There’s really nothing else like them in all of recorded history – except for, that is, the remarkable images that also exist of most of his alleged co-conspirators. And perhaps it is time for us to now meet those alleged conspirators, beginning with the rather dashing gentleman pictured below, Mr. Samuel Bland Arnold, who looks almost like he could be a 21st century actor posing for a publicity photo for his latest blockbuster film.
Arnold was thirty at the time of the assassination and was working as a commissary clerk at Fortress Monroe, Virginia. He was said to be a former Confederate soldier, though it seems very likely that he was actually a Union operative (as appears to be the case with almost all of Booth’s alleged accomplices).
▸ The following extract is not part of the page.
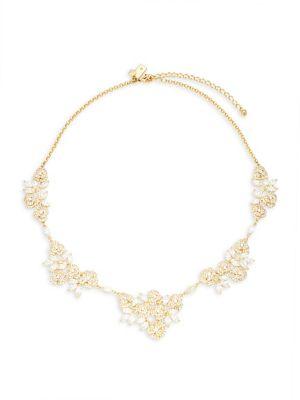 Kate Spade New York Sterling Silver And Crystal Floral Necklace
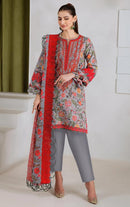 Alzohaib Az 1552 Designer Pure Cotton Patch Work Pakistani Suit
The files of the Bureau of Military Justice (a misnomer if ever there was one) contain the following tidbits of information on Arnold:
“Samuel B. Arnold was born at Georgetown, D.C., of highly respectable parents … He was first sent to be educated at Georgetown College, from there he was sent to the Reverend J.H. Dashills, [in] Baltimore County, his parents having removed from Georgetown to Baltimore. He was one year in Rockingham County, Virginia, under the charge of the Reverend Mr. Gibbins, and afterward sent to Saint Timothy Hall, Catonsville, Maryland, and place[d] under the Rev. L. Vanbakelin.”
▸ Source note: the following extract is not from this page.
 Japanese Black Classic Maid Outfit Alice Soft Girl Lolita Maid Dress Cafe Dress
The picture painted here is of a well educated young man who had a rather privileged upbringing in and around the nation’s capital. Not at all the kind of guy you would expect to have donned a Confederate uniform, unless he did so as a covert Union operative. Arnold was convicted of complicity in the plot to kill Lincoln and was handed a life sentence by the military tribunal. He served only four years though before being pardoned by President Johnson and released in 1869. Arnold lived to the ripe old age of seventy-two, passing away on the autumnal equinox of 1906.
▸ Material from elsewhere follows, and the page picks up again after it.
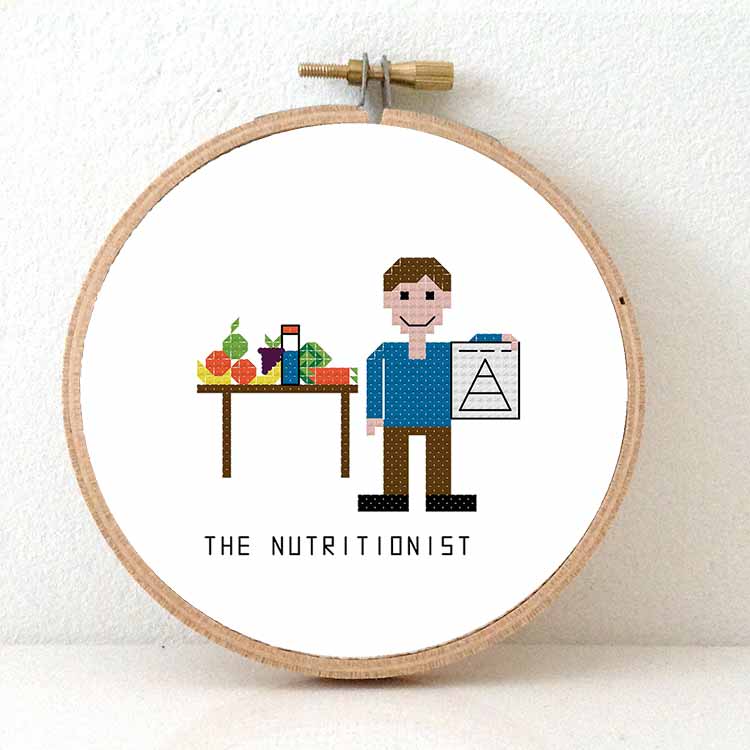 man voedingsdeskundige kruissteek borduurpatroon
Next up is Michael O’Laughlin (or O’Laughlen – the two are used interchangeably throughout the literature on the assassination), who, like Arnold, was a ruggedly handsome, well dressed young man from a well-to-do family. Just twenty-four when Lincoln was shot, O’Laughlin had known Booth since childhood, when they had lived across the street from each other in Baltimore (Arnold had also been a childhood friend of Mr. Booth). The Bureau of Military Justice files reveal the following about O’Laughlin:
“Michael O’Laughlin was born in the City of Baltimore … He was educated at a School conducted by a highly respectable Teacher at the corner of Front and LaFayette Sts., and after leaving School learned the trade of ornamental Plaster work, and also acquired the art of Engraving. The company he was in the habit of associating with was not of a character that a person indisposed to evil would have made choice of. His appearance was generally of a genteel character.”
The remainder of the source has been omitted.